Vanessa Bohns en “You have more influence than you think. How we underestimate our power of persuasion, and why it matters”, que estamos comentando, plantea que los sociólogos llevan años preguntándose por qué es difícil decir no y en lugar de hablar en términos de influencia, consideran que tiene una mayor relación con la “buena educación” o cortesía.

El sociólogo Ervin Goffman en este sentido dice que una expectativa de la sociedad es que protejamos la imagen de los demás y éstos nos protejan la nuestra, por lo que, por ejemplo, si alguien nos dice que no pudo asistir a un acto al que le habíamos invitado por estar enfermo, nuestra respuesta no va a ser decirle que es mentira. Tendemos a no cuestionar la “imagen” de la otra persona porque resulta incómodo para todos los implicados.

Cuando pedimos algo entran en juego los mismos procesos. Si por ejemplo le decimos a alguien si nos puede dejar su móvil, el subtexto de esta petición es que soy una persona en quien confiar y por tanto mi solicitud de pedir prestado tu móvil es una petición razonable. Si mi respuesta es negativa estaré cuestionando esa presunción y que no me fio de ti. Este fenómeno es llamado por Sunita Sah como de “ansiedad de insinuación” y se produce porque nos sentimos muy ansiosos si insinuamos algo negativo de alguna persona. Por tanto buscamos disculpas para asegurar a la persona que hoy no podemos pero que realmente cualquier otro día nos sentiríamos honrado de dejarle el teléfono, pero que hoy no es posible por ……..de esta forma pensamos que estamos dejando claro que no estamos insinuando que no es de confianza la persona al rechazar su requerimiento.

De hecho odiamos sentirnos avergonzados que hacemos todo tipo de cosas para evitar  el bochorno y a todos los costes. Por ejemplo todos los años mueren aproximadamente 5.0000 personas ahogadas en parte porque prefieren no pedir ayuda cuando se atragantan en el curso de una comida.
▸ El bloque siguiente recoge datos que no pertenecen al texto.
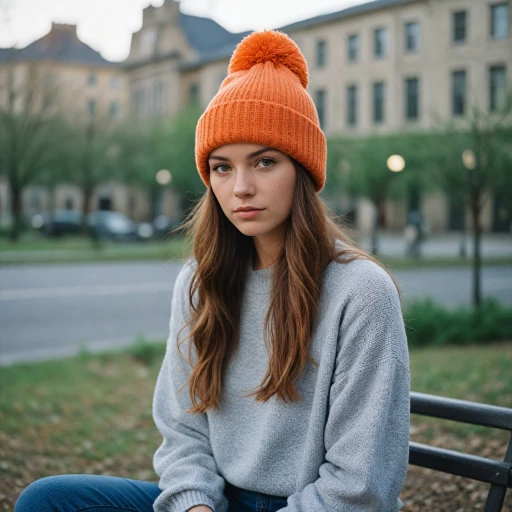 Le charme intemporel des bonnets de luxe par Acne Studios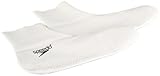 Speedo Unisex Erwachsene Latex-Socke | Pool-Essentials Aquaschuhe, Weiß Schwarz, M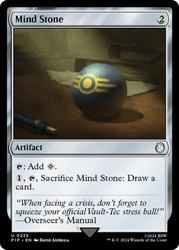 Mind Stone\nFallout Commander\nSingle\nMagic The Gathering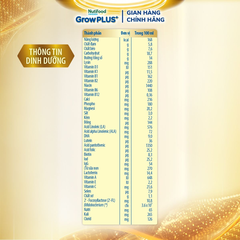 Nutifood GrowPlus+ Colostrum Lactoferrin 1+ 800g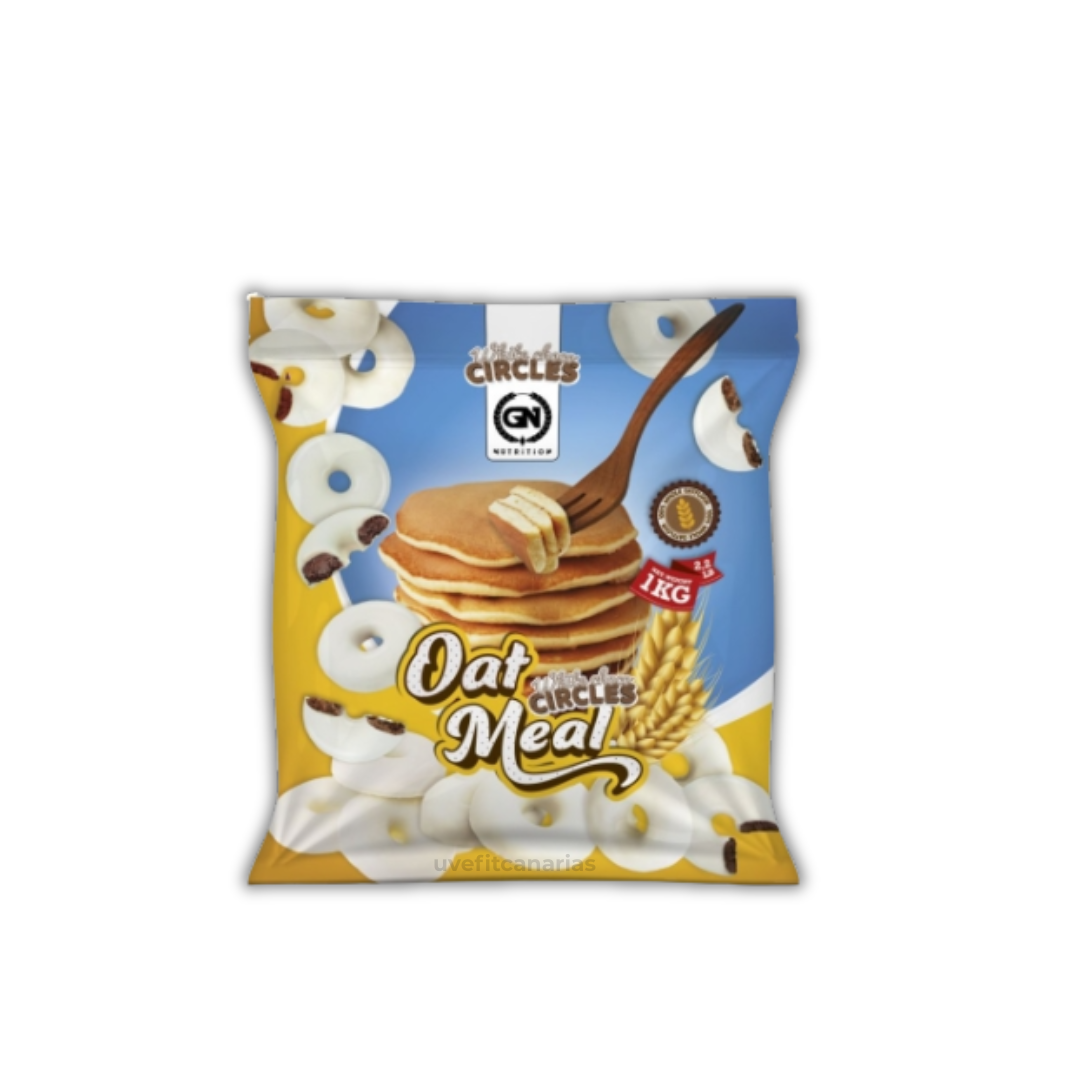 Harina de Avena, sabor Filipino Blanco, 1kg - GN Nutrition 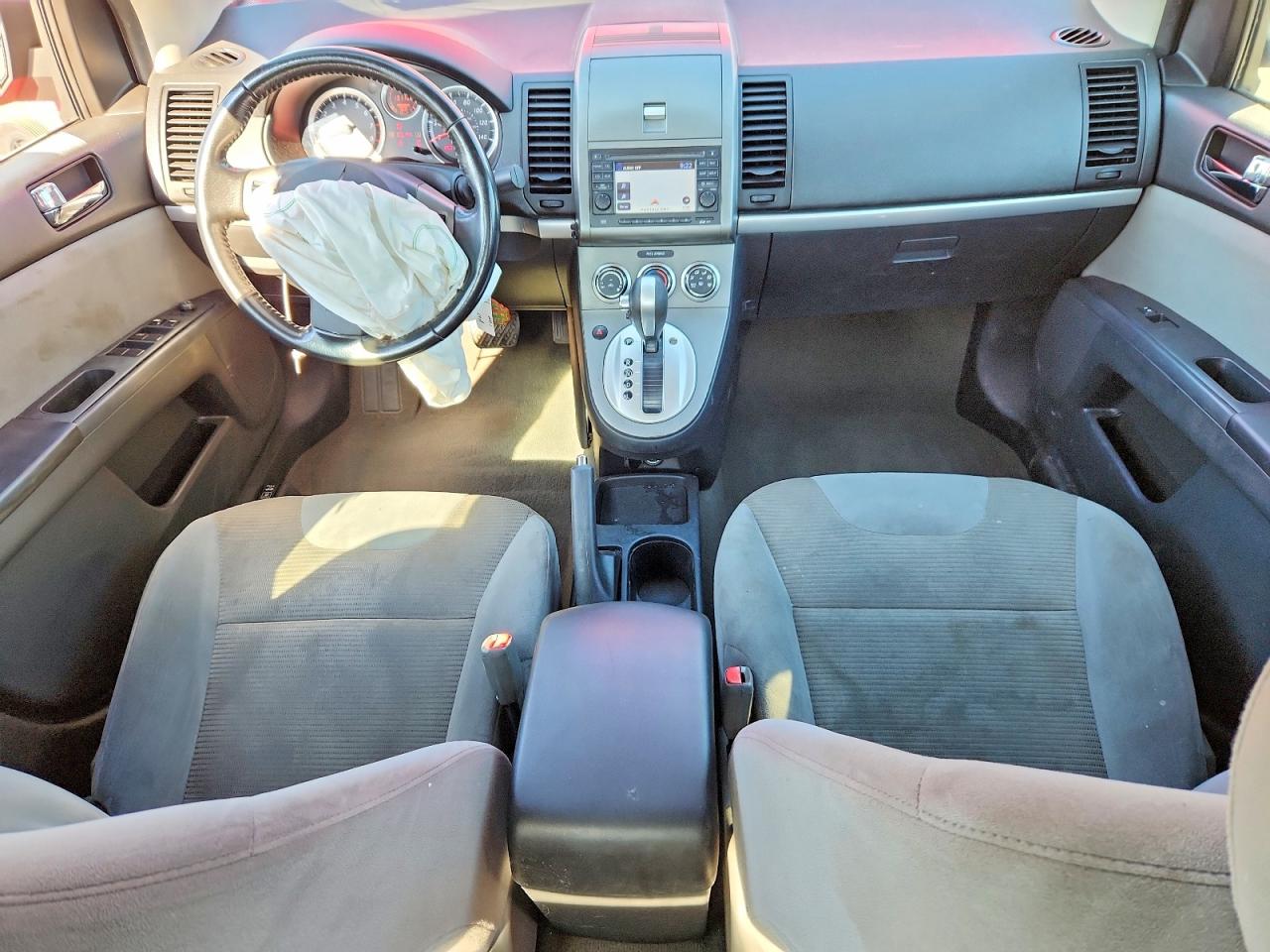 2012 Nissan Sentra 2.0 Red vin: 3N1AB6AP8CL725823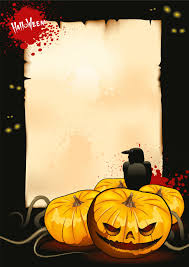Halloween Poster Template Vector Free Download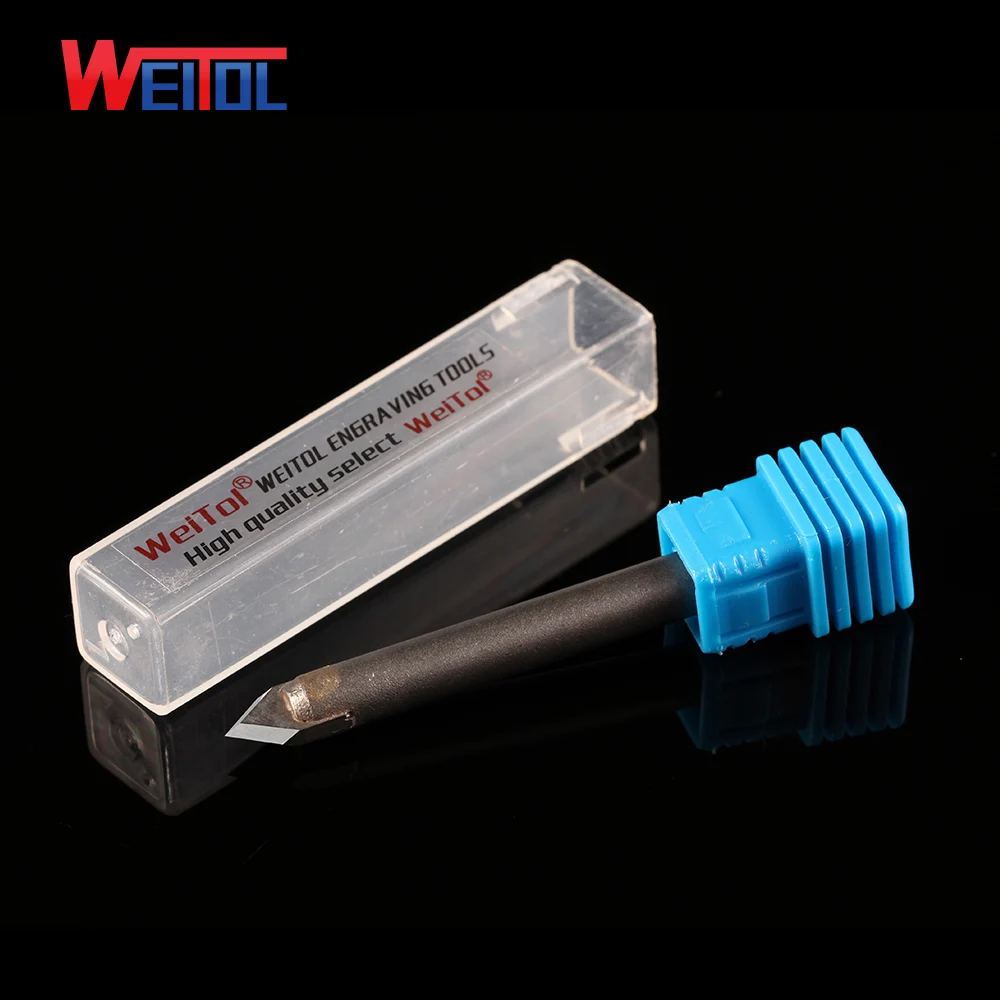 PCD diamond router bits for granite engraving carbide alloy stone bit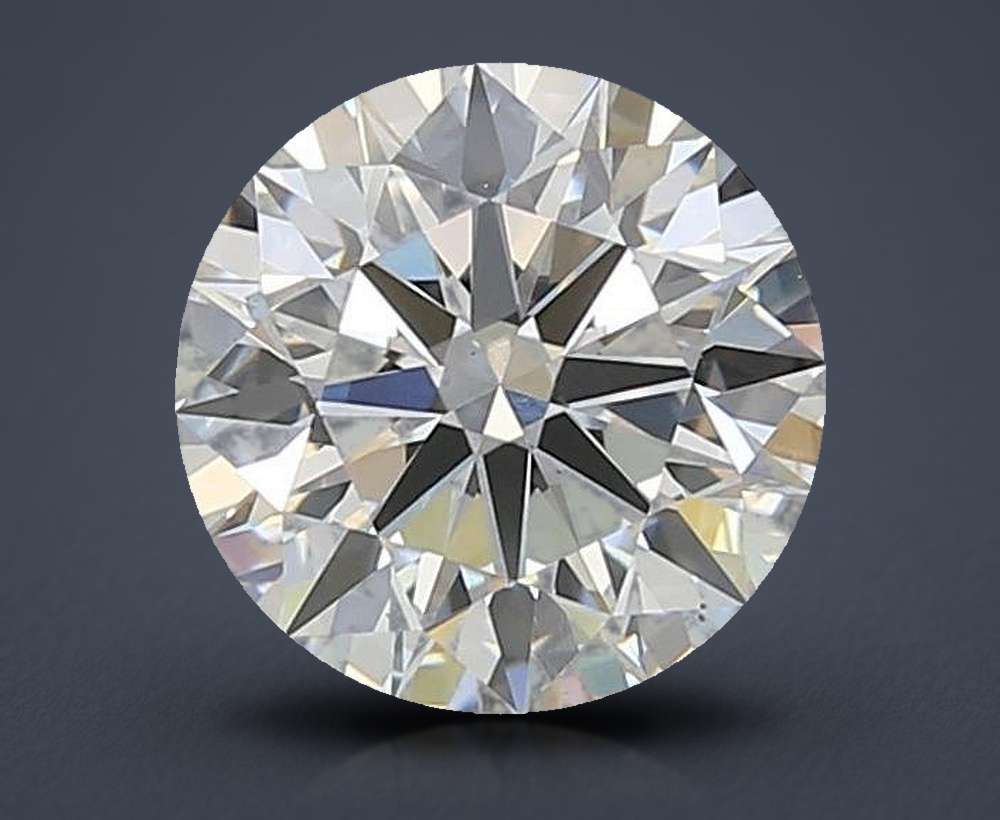 2.00 Carat Round Lab Diamond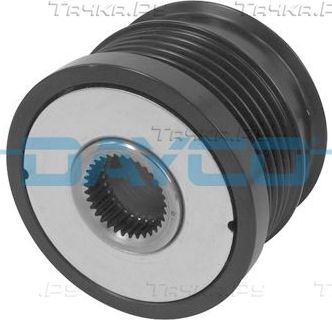 Муфта генератора обгонная Dayco для Opel Signum I 2003-2008. Артикул ALP2412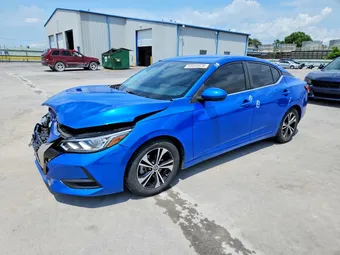 2021 Nissan Sentra 3N1AB8CV3MY212829 Lot 55645626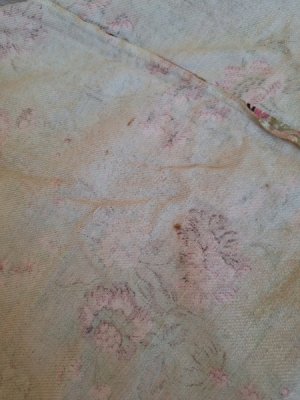 画像22: フレンチ花柄カーテン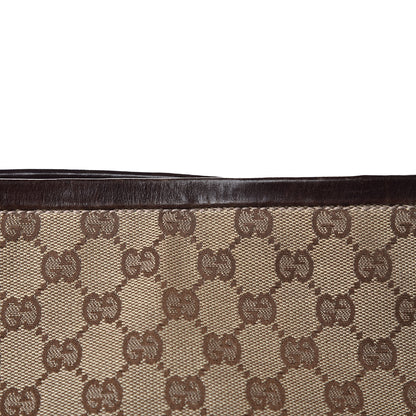 Gucci Monogram Bucket Bag Brown 11 of 15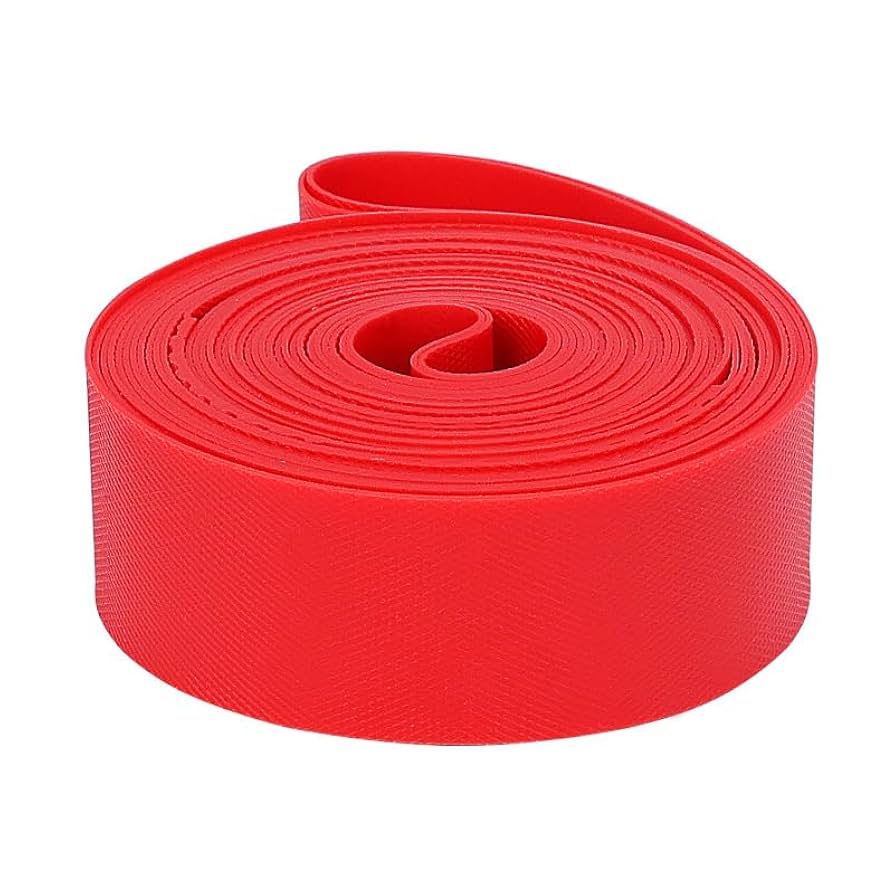 LOGIPOSTリムテープ 24インチ ２本 耐圧性 インナーチューブ レッド LOGIPOST（ロジポスト）リムテープ 2本セット 24インチ PVC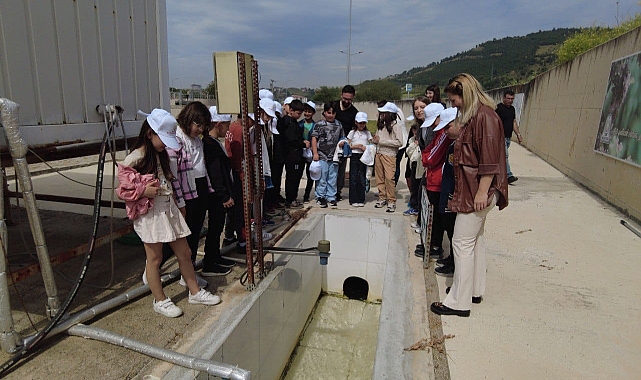Çan Belediyesi’nden miniklere çevre bilinci aşılayan ziyaret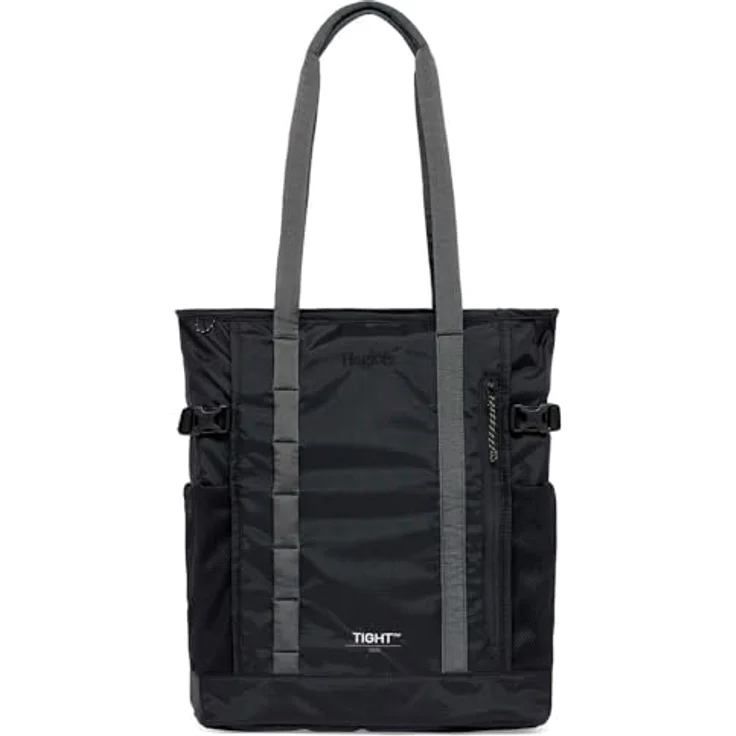 Haglöfs Tight Schultertasche 40 cm, praktische Handtasche für Rucksack und Umhängetasche, schwarz – Bild 1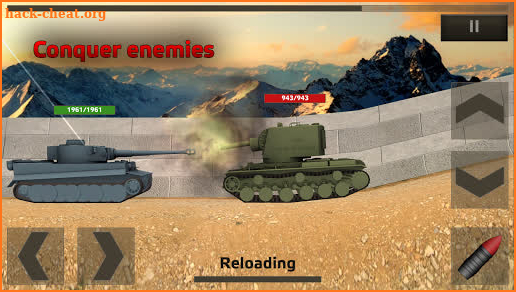 Tanks:Hard Armor screenshot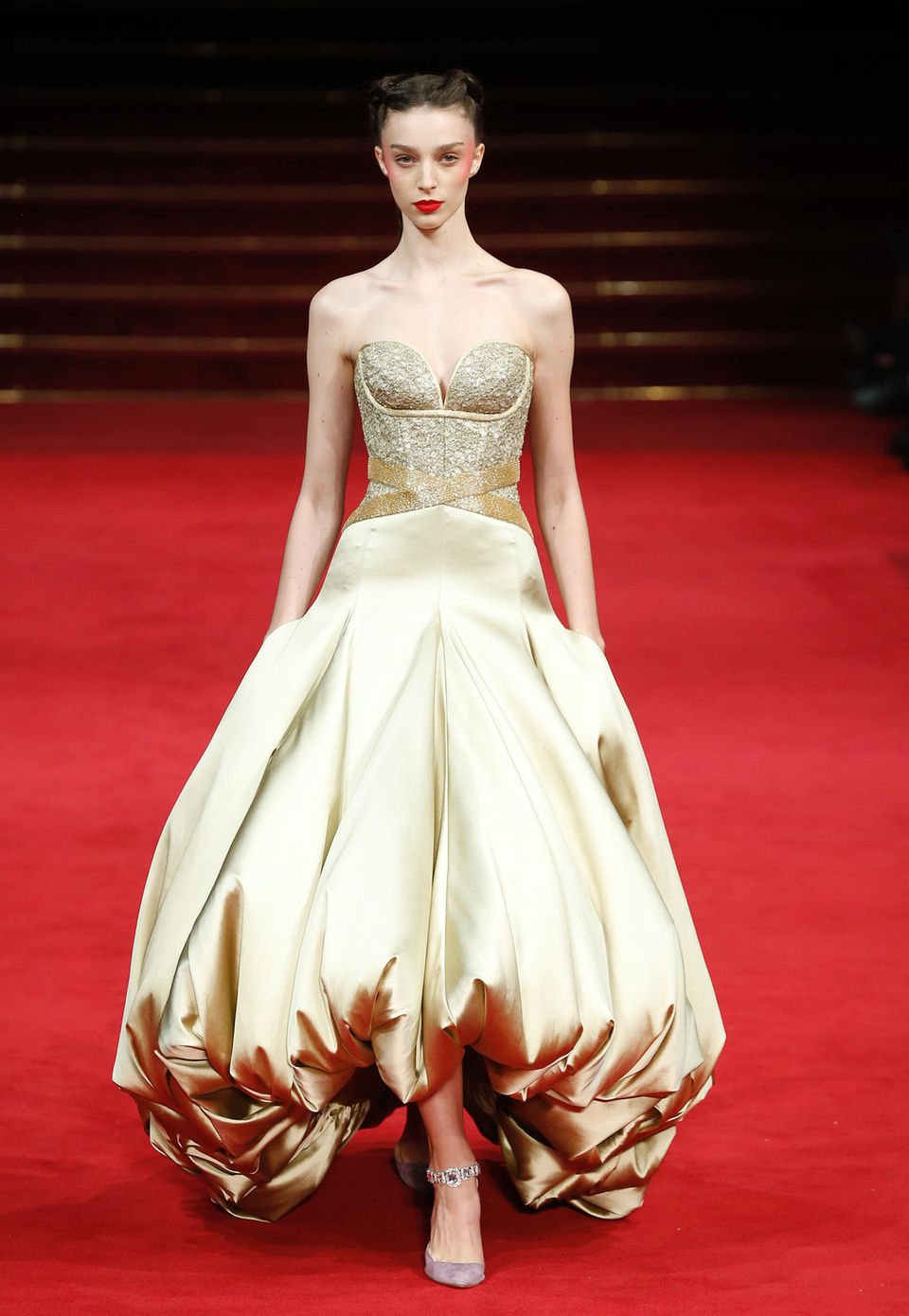 Paris Fashion Week Haute Couture: Kleid von Alexis Mabille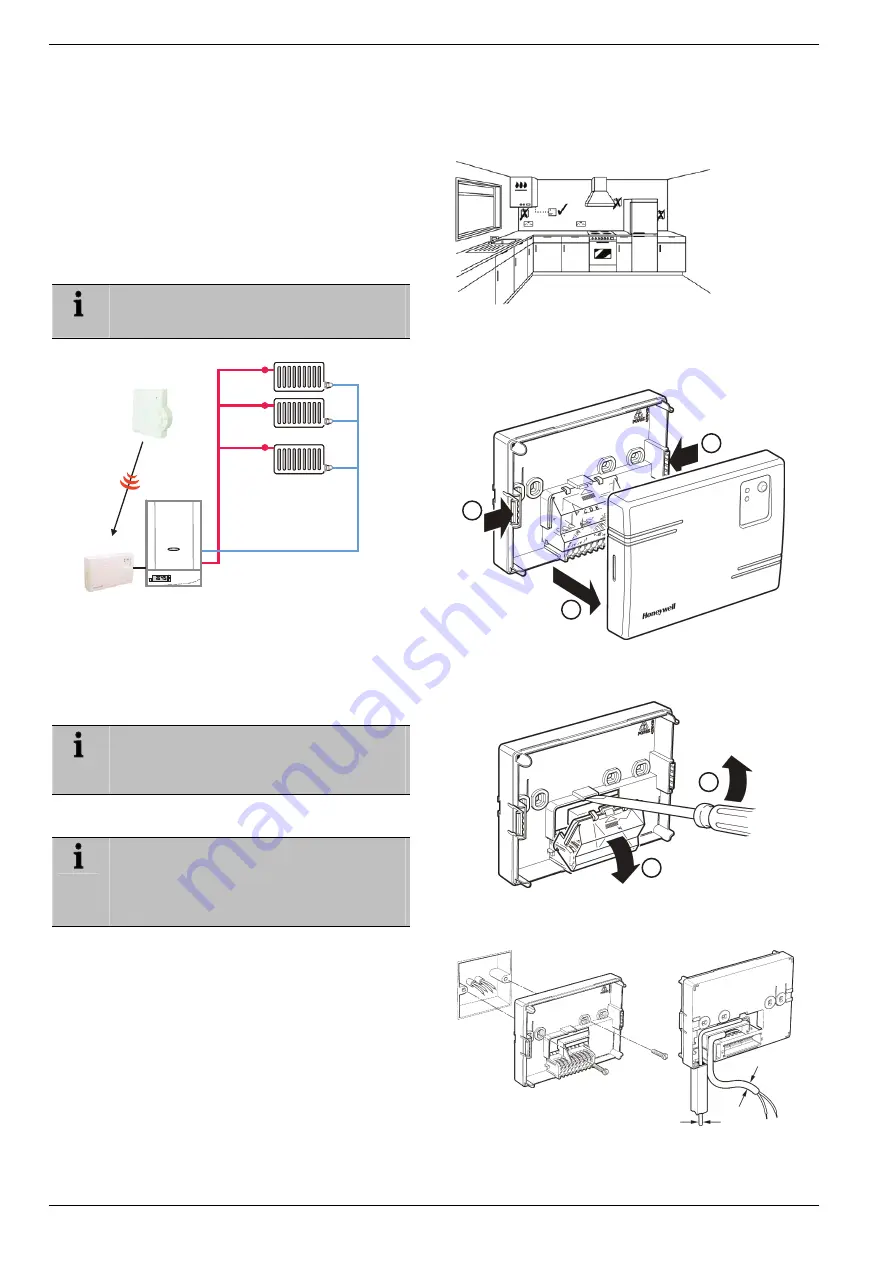 Honeywell Y6630D1007 Скачать руководство пользователя страница 6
El psicólogo John Sabini y sus colaboradores han argumentado que la mayor parte de los hallazgos icónicos en el campo de la psicología se pueden atribuir al miedo abrumador que experimentamos las personas ante la posibilidad de sentirnos abochornados. Un  ejemplo es el “efecto testigo o espectador” por el que las personas tendemos a mostrar una actitud menos activa ante una emergencia si hay alguien cerca, ya que cuantas más personas tengamos alrededor menos responsables nos sentiremos si no actuamos. Tendemos a asumir que otra persona ya lo está haciendo o lo va a hacer y sentimos que nuestra responsabilidad se difumina.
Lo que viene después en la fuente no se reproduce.